Apparently you open the glovebox from a pull down menu. That didn’t need disrupting either.
Having ridden in one as an Uber, they also appear to have disrupted the concept of “needing suspension”. I now never select “eco” when hiring an Uber in case I get a Tesla. I’m in my 50s. My back doesn’t deserve that.
@goatsarah @cstross "What if a car, but instead of a car, it's just a high-tech simulation of what it feels to be trapped inside a VR experience jointly designed by a high-end hi-fi manufacturer and the people who created the user interface for your health insurance company's website?”
Agree this design is bad and dangerous. China may ban it.
But, is there a cultural element to obviousness: is a door handle obvious to someone who hasn't seen one used before? That unobvious link between lever and larger body action used to be sufficient to stop forest dwellers like bears, but no more. They've even learned to operate hidden trashbin handles. I have seen a foreigner completely stumped by a can opener. The Irish made a sport out of stumping foreigners 🤣
1/2
@avi2022 @cstross is a handle on a door obvious? yes, if it looks like a handle. it's a space to put your fingers when pulling something. tell me about a culture that does not have handles?
the aztecs had no wheels, but, what do you want to bet they had handles?
edit: actually if you're looking to open a door then you'll probably put your fingers in a handle if there is one, whether you recognise it as a handle or not. you're looking for purchase to pull on the door…
As it turns out, door handles may be a somewhat recent thing after standardized manufacturing - see Osbourn Dorsey’s 1878 patent for an “improvement in door-holding devices”.

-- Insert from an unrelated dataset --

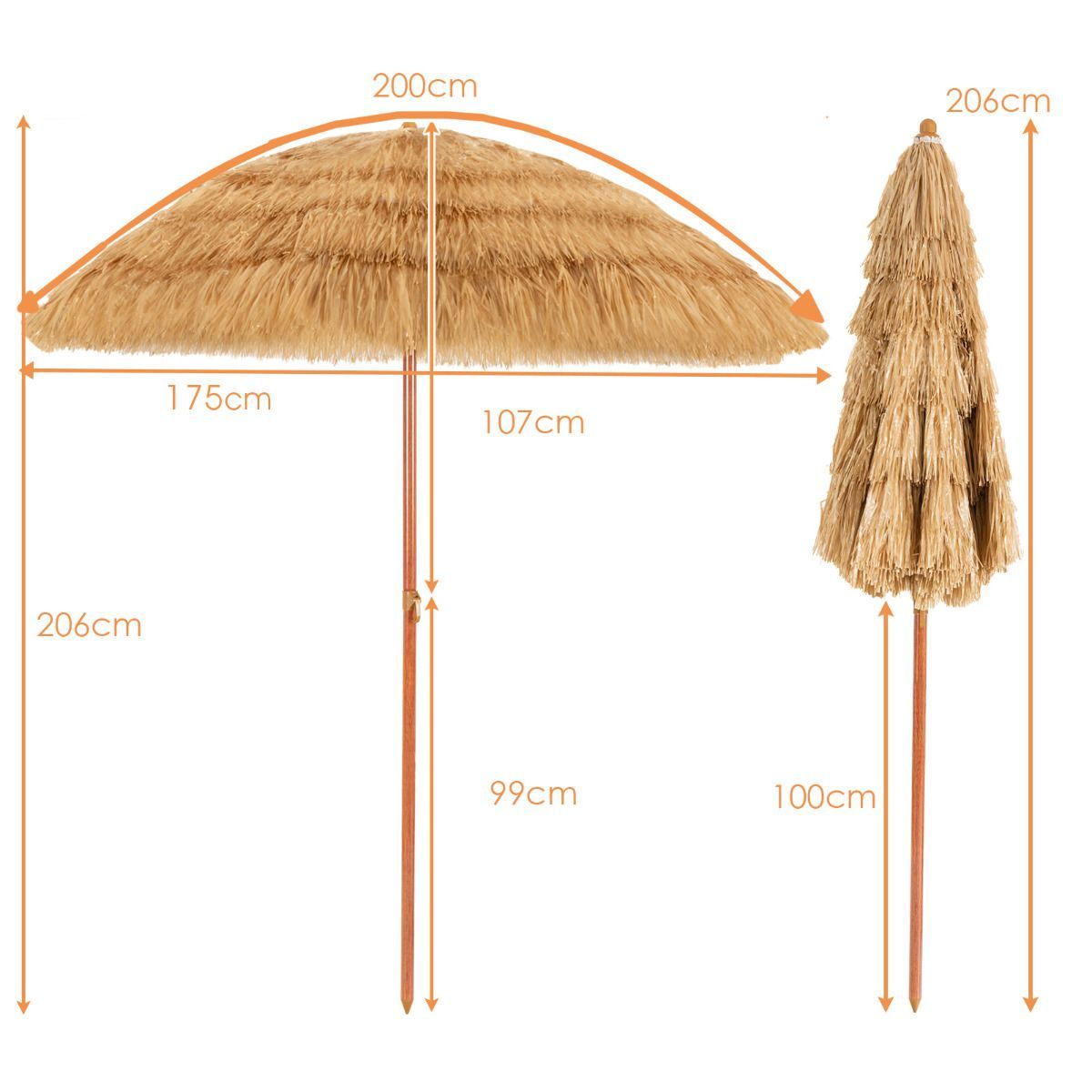LIVSK Zonnebed en Strandparasol Set - Verstelbare Rugleuning - Hoogwaardig PP Materiaal - Draagvermogen 180 kg - Grijs/Taupe/Zwart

Japan favored sliding panels with recessed pulls. Early America / frontiers favored "latch strings".
Older setups usually separated latch action from locking.

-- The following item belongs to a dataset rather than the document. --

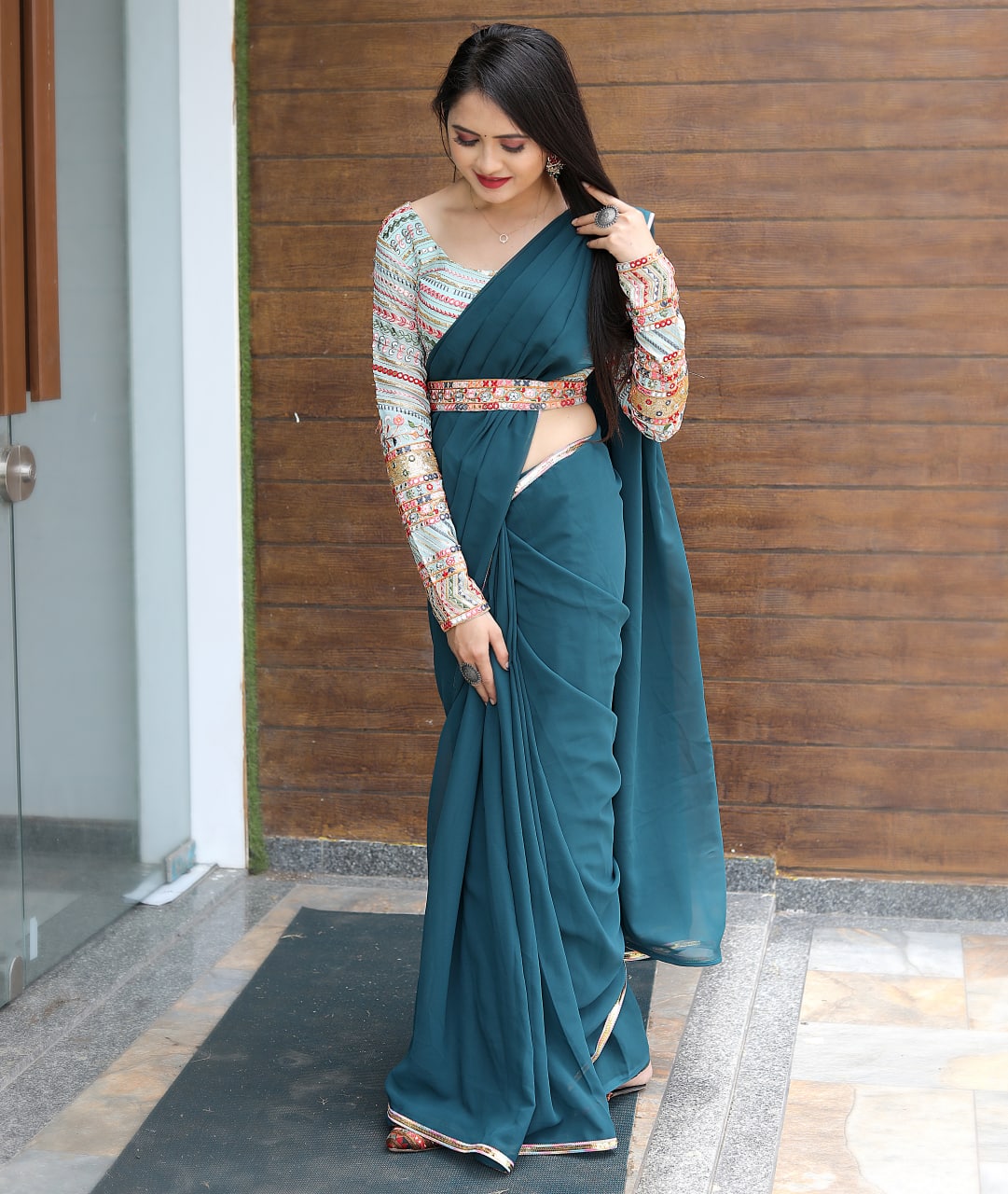 Party Wear Teal Blue Saree With Fancy Thread Sequence Belt & Blouse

The Aztecs didn't use swinging doors with hinges, instead using a curtain or mat with a bell for privacy, and security was cultural.
@avi2022 @fishidwardrobe I'm reasonably sure I read that the Romans didn't have hinges for most (if not all) of their doors—the door was just lifted into place across the doorway and barred from inside at night.

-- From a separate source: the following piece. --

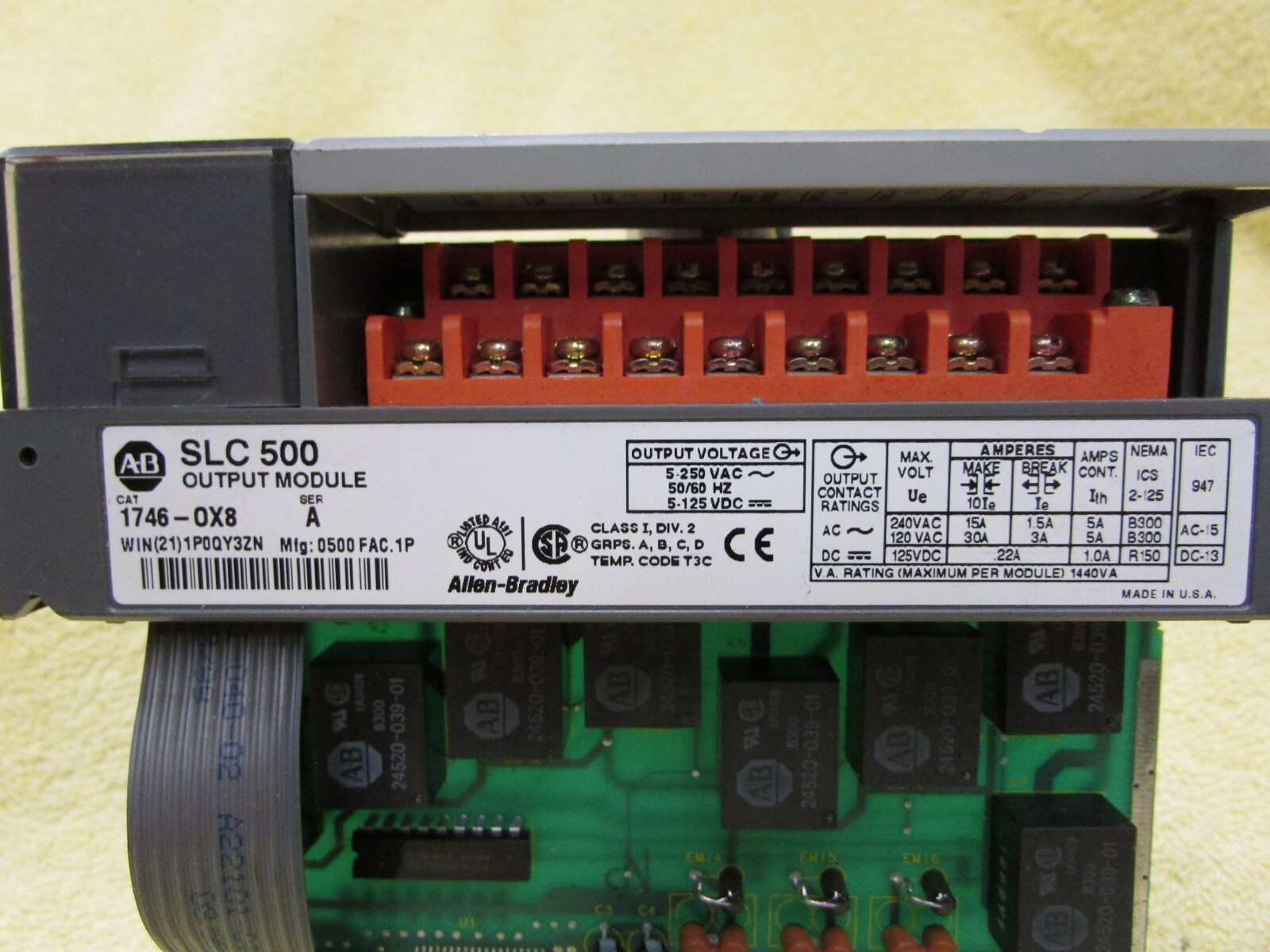 (2) Allen-Bradley SLC 500, 1746-0X8, 1746-OX8, USED, Lot of 2, N3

@cstross A terrible car, the product of a terrible company owned by an extremely terrible person
@cstross Why would anyone want to get inside a literal Nazi-car? Putting aside neonazis of course
@cstross more importantly, safety critical, a number of people have burned alive in Teslas because their door controls became inoperative and they did not know where the emergency manual release latch is.
Also, China just banned recessed door handles like Tesla's. They may help aerodynamics a tiny bit, but once again a safety hazard.
@cstross Let‘s not start talking about the emergency handle under the diriver’s side floor mat.